Given data.
+-------+
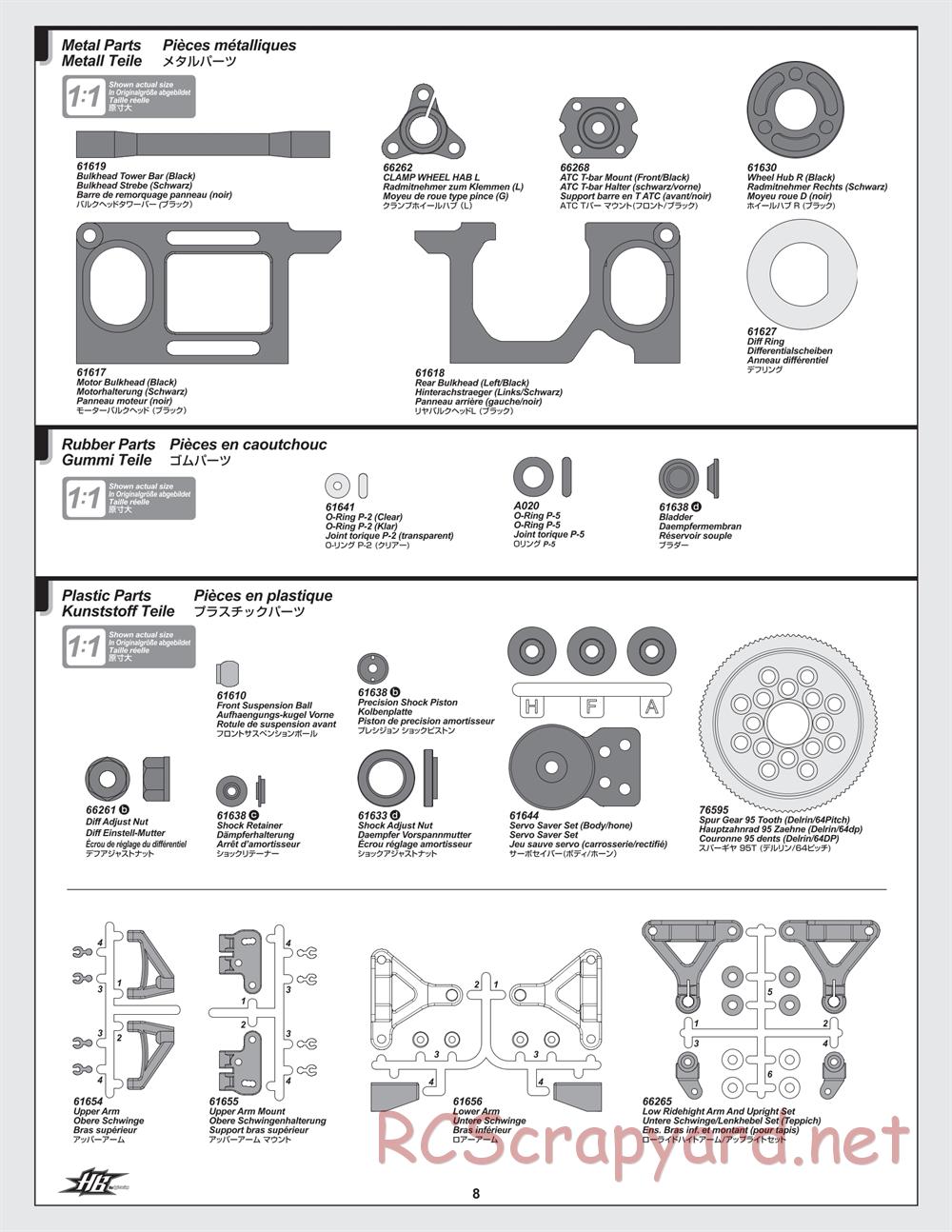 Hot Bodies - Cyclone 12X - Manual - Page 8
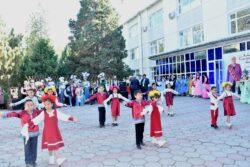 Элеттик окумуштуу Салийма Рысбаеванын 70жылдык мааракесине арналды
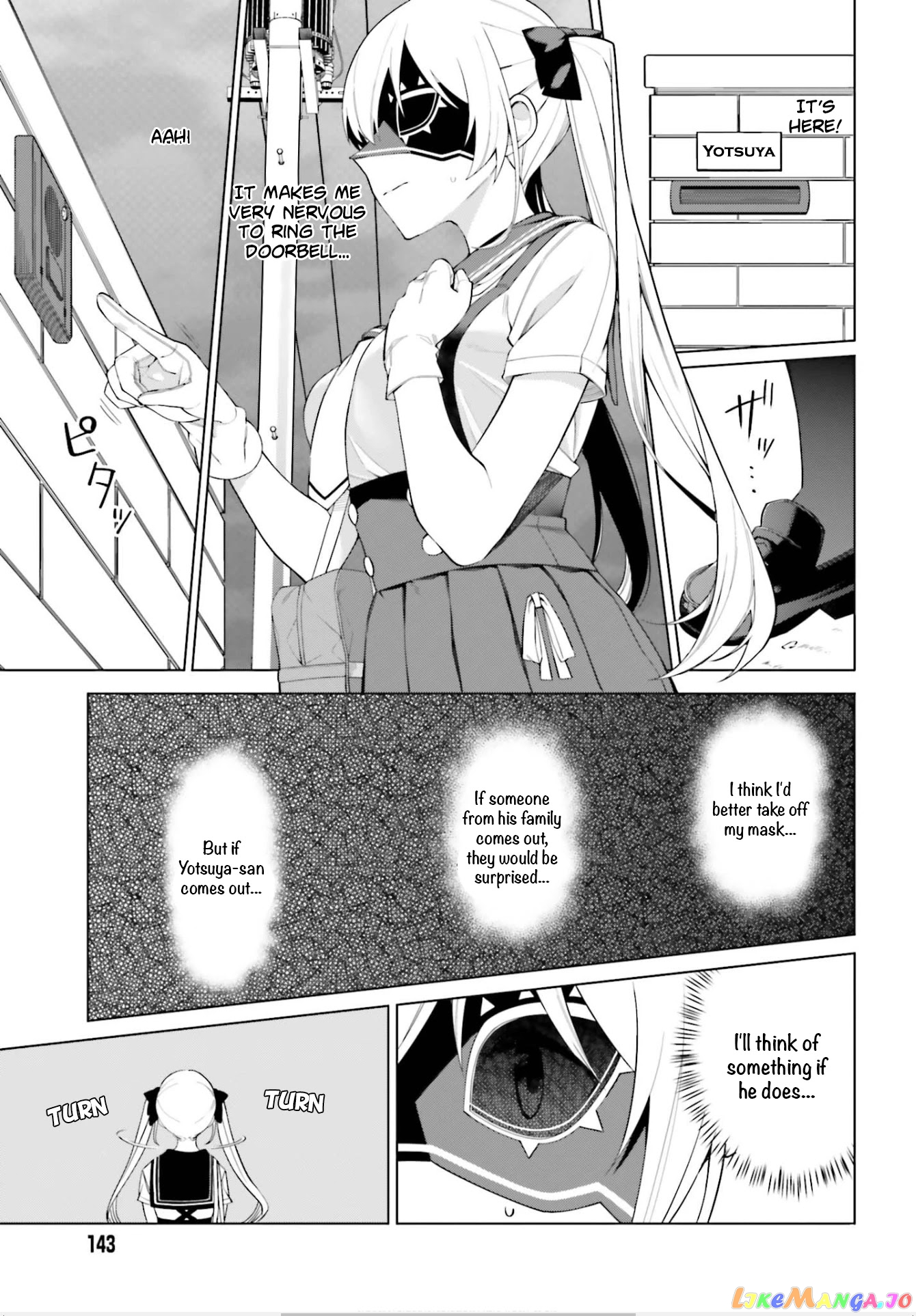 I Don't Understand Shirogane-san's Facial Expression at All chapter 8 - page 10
+-------+
What to work on.
The data above must be given back verbatim, minus its images.

The answer.
 Hot Bodies - Cyclone 12X - Manual - Page 8
 Элеттик окумуштуу Салийма Рысбаеванын 70жылдык мааракесине арналды
 I Don't Understand Shirogane-san's Facial Expression at All chapter 8 - page 10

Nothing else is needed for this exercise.